If there’s anything that makes company leaders and representatives crabby, it’s Apple sucking 30% of the profits from their apps sold through the App Store. Evidently, Apple’s competitors have had quite enough because the rumor mill suggests an impending FTC investigation. However, as Jeff John Roberts points out, rumors of FTC investigation hardly indicate legal consequences for Apple, especially since they are neither a monopoly nor competition killers.

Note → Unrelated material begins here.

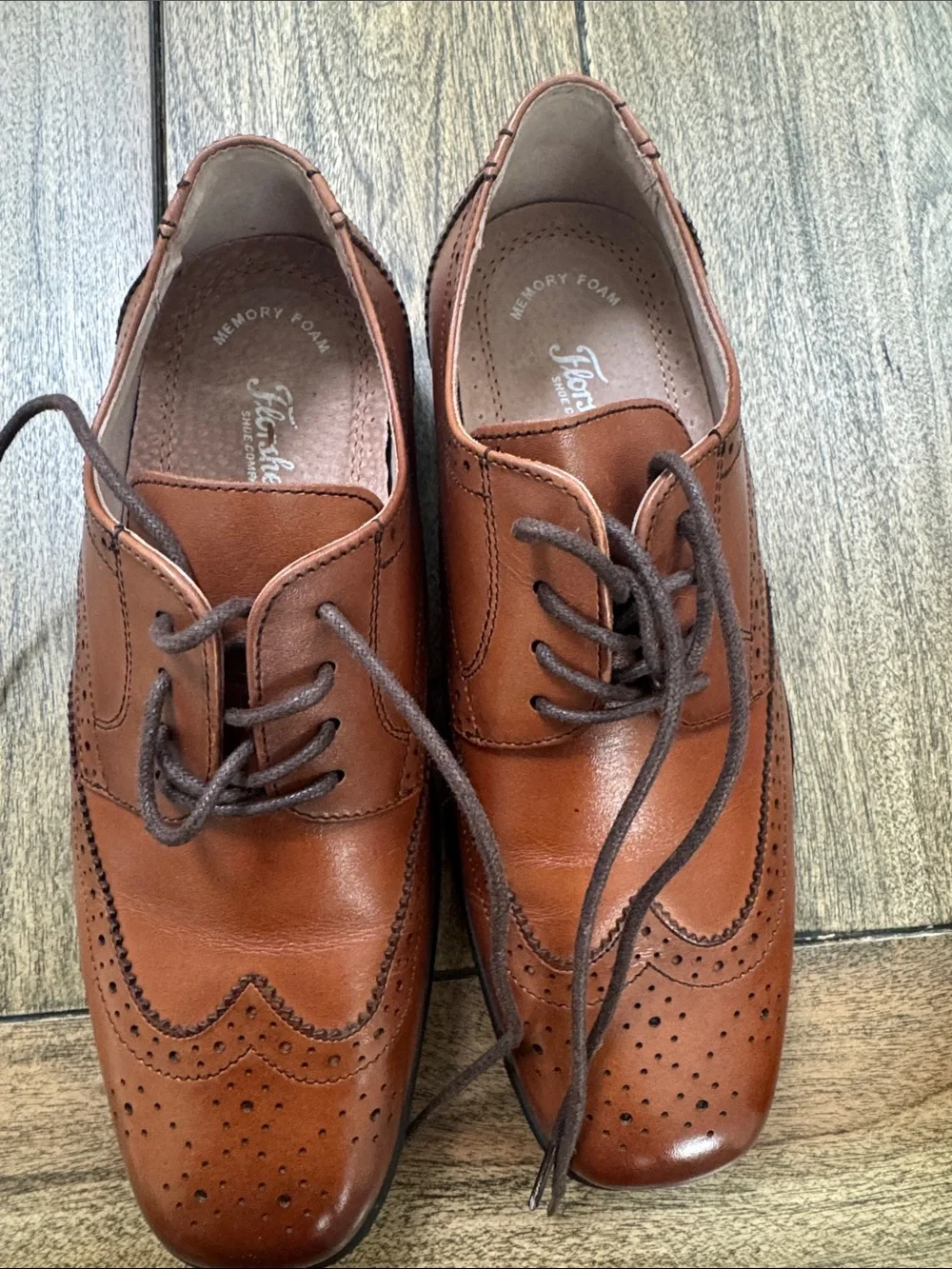 Boys Tan Leather Wingtip Dress Shoes - Classic Brogue Lace-Ups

For example, Spotify Premium, which is typically downloaded from the App Store for $12.99 per month, can be downloaded from Spotify’s website for $9.99 per month because the website version doesn’t have to contend with Apple’s 30% cut.
Following the launch of Apple Music, criticism has increased because the App store can sell its premium service (Apple Music has no free tier at the time of this writing, aside from Beats 1) for the standard $9.99, but other music streaming services must either increase their price to compensate for Apple’s cut or drastically reduce their profit margins, and reducing a profit margin is never the preferred move. What concerns the FTC is that Apple can use its App Store, which its competition is also very attached to, to sell competing apps for a price nearly impossible to match. Granted, the prices are the same if the customer spends a little time looking for the website, so Apple isn’t really harming the competition (not that the competition cares to admit it). This in mind, the FTC hasn’t brought charges yet, and they very well may not.
On the other hand, The Verge reports that Apple’s rules do not permit companies to use the App Store to send users to the website where it would be cheaper. Many streaming services depend on the App Store to reach iPhone users, so they argue that they are being abused. In any case, whether guilty of monopolizing or just being obnoxious, Apple doesn’t look as though it’s worried about facing the music any time soon.